At Jared's, Brian, Megann and I played a competitive game of ping pong. I was laughing AGAIN so HARD that I think that I seriously caused some trauma. I couldn't breath and I almost fell to the floor. That's how you can know that I love you- I fall on the floor in laughter whenever I am around you!!

So far Home is Still Sweet Home.

Monday, November 23, 2009

Sunshine Day!

So Saturday was a very good day. I started the day out by thoroughly cleaning my apartment top to bottom. Then at 10 that morning, I ventured off into the world of Great Salt Lake to help Alyssa with a photo shoot. That was just lovely.....
Here is where it gets magical....
Alyssa has been wanting to start a photo project of taking pictures of all the sighn holders and people that have to dress up for advertising.
That is when we saw him!
THE HAMBURGLER!
We couldn't let the opportunity pass by... The project had to be started!
But of course Alyssa had to pee before taking a picture, so she went inside the McDonalds for the bathroom, when Suddenly!... Ronald McDonald appeared.
So we approached the guy, and he was AWESOME! He proceeded to pose me in all of the pictures that we took together. He was very creative.

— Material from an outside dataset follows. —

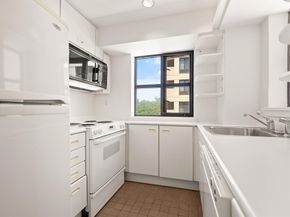 931 Massachusetts Avenue 606, Cambridge MA 02139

When we went outside, the Hamburgler was a hoot and posed and flirted up a storm for us.
It was quite a magic afternoon!
The day proceeded to become even more interesting when Miss Brooke Stirling bribed me to go on a blind date in her spot.
SO with an hour to spare I prepped myself, because I am the world's greatest friend.
I hopped on Stella and scooted off into the freezing night to meet my very first blind date.
(sounds exciting doesn't it- kinda like a movie)
Well- surprisingly I had a ton of fun.
The guy WAS shorter than me.. so Brooke owes me $25 billion. She will be paying me in $2 a day installments.
But the group was way great and we laughed oodles while we played games.
I'd say a successful first ever blind date.
It was probably better than most of my real life dates.... Well yep.

Tuesday, November 17, 2009

Play Day

Today I get to go to a musical, and I am oh so excited!! It has been avery long time since I have seen a show, which breaks my heart. My dear roommate Nellie has tickets to Little Shop Of Horrors at the Hale Theater in Orem... and the sweetie is letting me tag along! Isn't that like the nicest thing you ever did hear??!! I really like Little Shop.. Someday I will play Audrey... I am a natural born Audrey.
This basically the only exciting thing that I have done since my birthday... So the stokedness is bursting from me!!!

Monday, November 16, 2009

The Shivers!

I am very cold in this here place! It snows sometimes, which makes me sad a little bit. There is not a moment during the day when I can"t see my breath. I do think that I might just freeze to death.
Here is my last WILL AND TESTAMENT!
Mom and Dad
You can sell off anything of mine of value if my school doesn"t reimburse you my tuition.
Dana- you can have any of my clothes and shoes.
Marina- You can fight Dana for any jewelery or whatever you want.
My bonds and money can pay for the funeral and the elaborate dinner party I wish to have held afterward.
Basically that is all I have.
Wait! My $1200 glasses (LOUPES) Those can be sold if neccessary... If not I want to be burried in them. And STELLA- Pink Lightening---- She will need to be my head stone. I will be really upset if this doesn"t happen!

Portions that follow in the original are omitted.